▶ DATASET EXCERPT:
....
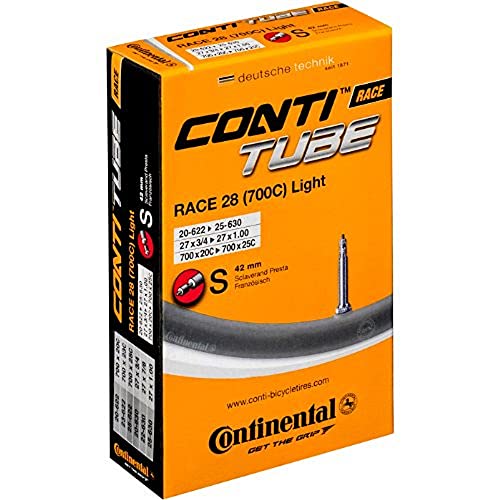 Continental 28, Cámara Race 700 x 20-25 Light, válvula Presta (Fina), 42 mm, Unisex Adulto, s42, 18/25-622/630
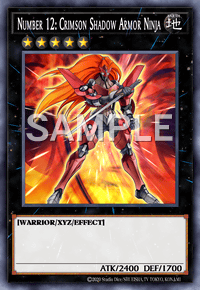 Number 12: Crimson Shadow Armor Ninja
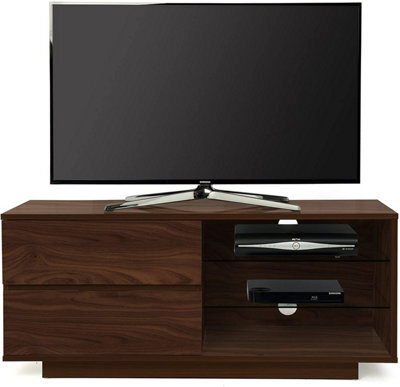 "Homeology Gallus Premium Walnut With 2-Walnut Drawers And 2 Shelves Up To 55"" Led/oled/lcd Tv Cabinet" - image 1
....
▶ REQUIRED WORK:
Please write out the material from the line containing "Number 12: Crimson Shadow Armor Ninja" to its final line, both inclusive, exactly as it appears; pictures are not part of the copy.

▶ EXERCISE ANSWER:
 Number 12: Crimson Shadow Armor Ninja
 "Homeology Gallus Premium Walnut With 2-Walnut Drawers And 2 Shelves Up To 55"" Led/oled/lcd Tv Cabinet" - image 1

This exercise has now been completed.